---- DATA TO PROCESS
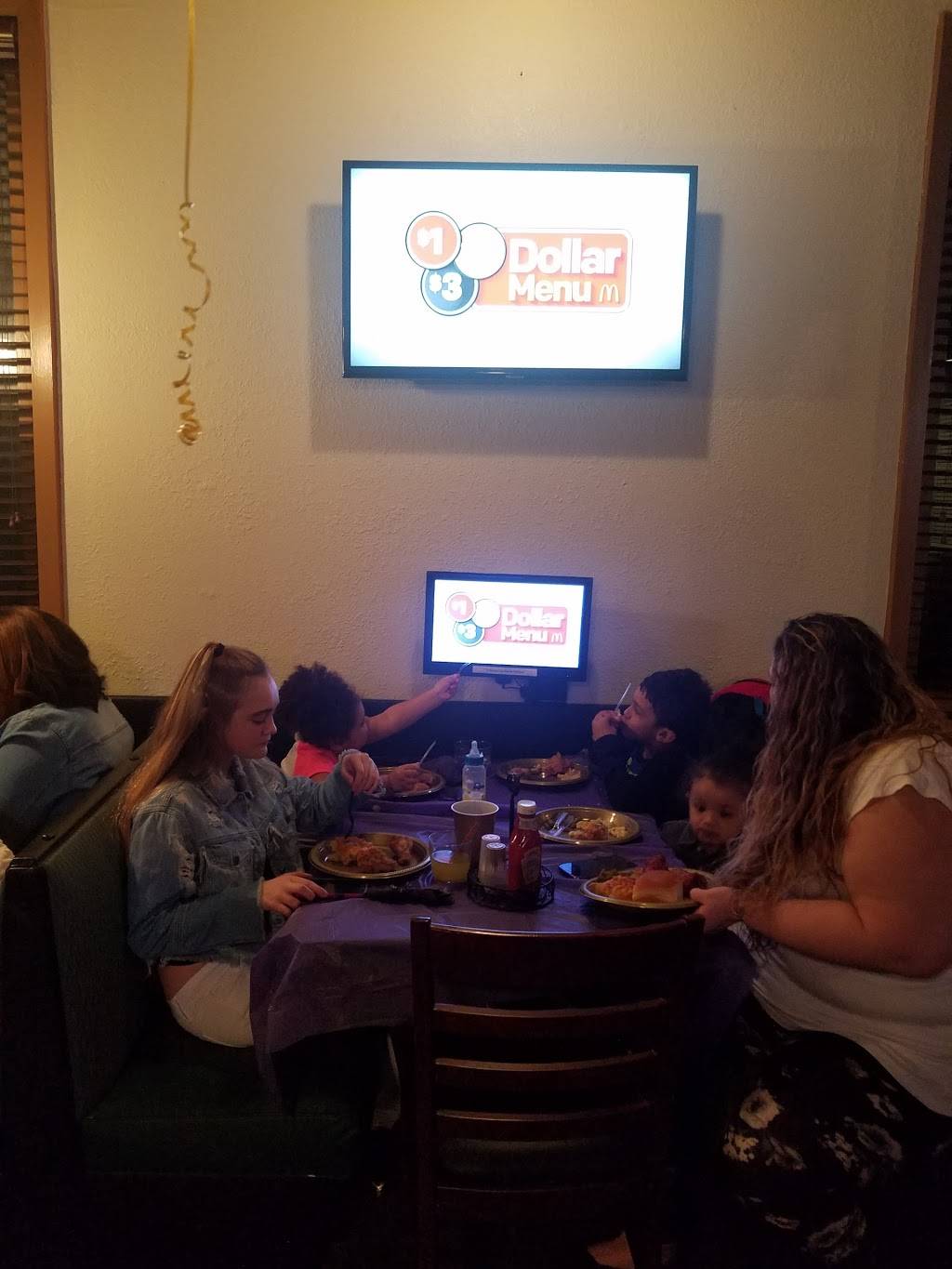 John Anthonys Restaurant | restaurant | 5212 Salem Ave, Dayton, OH 45426, USA | 9378378138 OR +1 937-837-8138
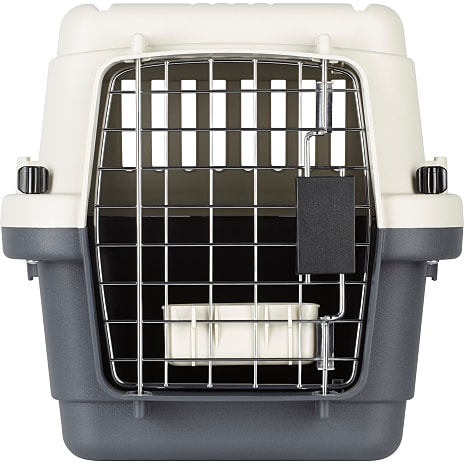 Best Friend Transportkasse Small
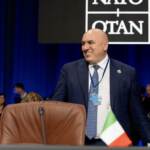Caso Vannacci, Crosetto: “Il Generale ha chiesto di fare rapporto, lo riceverò”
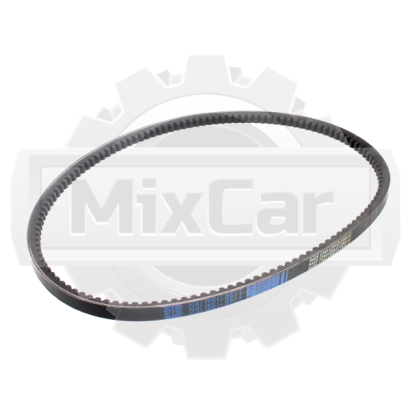 Ремень привода вентилятора генератора Toyota 1DZ (U) 909160296971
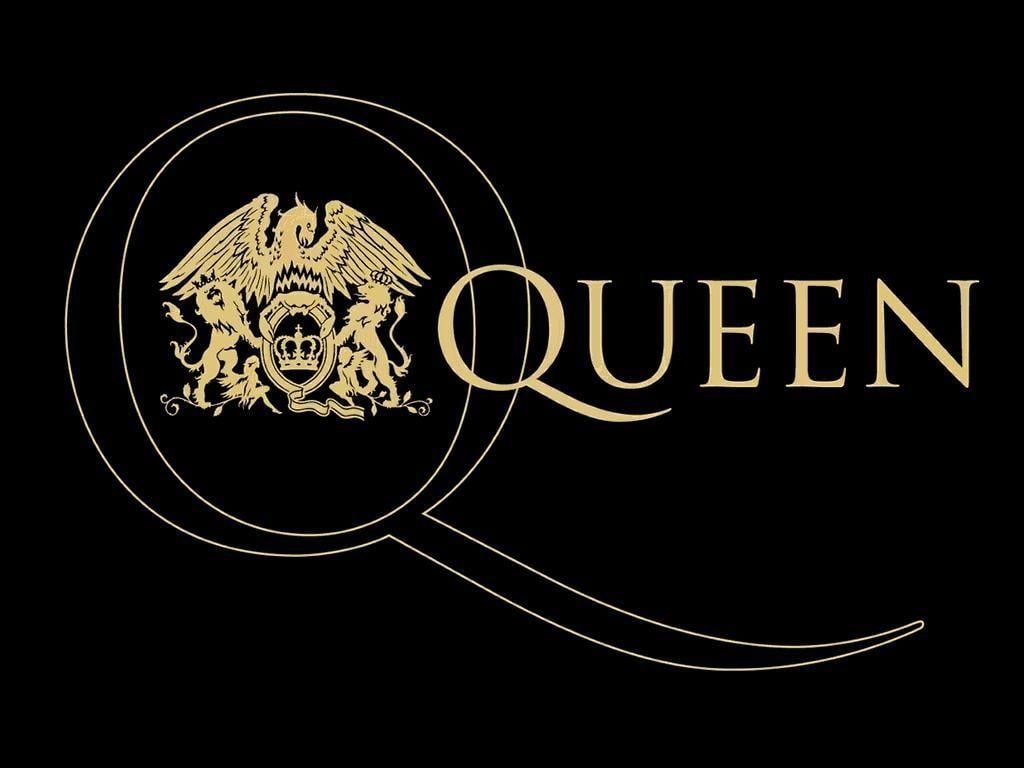 1030x770 Black Background Queen Band Wallpaper HD Wallpaper. WallpaperMine, Desktop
--------
If the records contain pictures, skip them, and transcribe exactly every line from the one with "Generale ha chiesto" through the last line.

Caso Vannacci, Crosetto: “Il Generale ha chiesto di fare rapporto, lo riceverò”
 Ремень привода вентилятора генератора Toyota 1DZ (U) 909160296971
 1030x770 Black Background Queen Band Wallpaper HD Wallpaper. WallpaperMine, Desktop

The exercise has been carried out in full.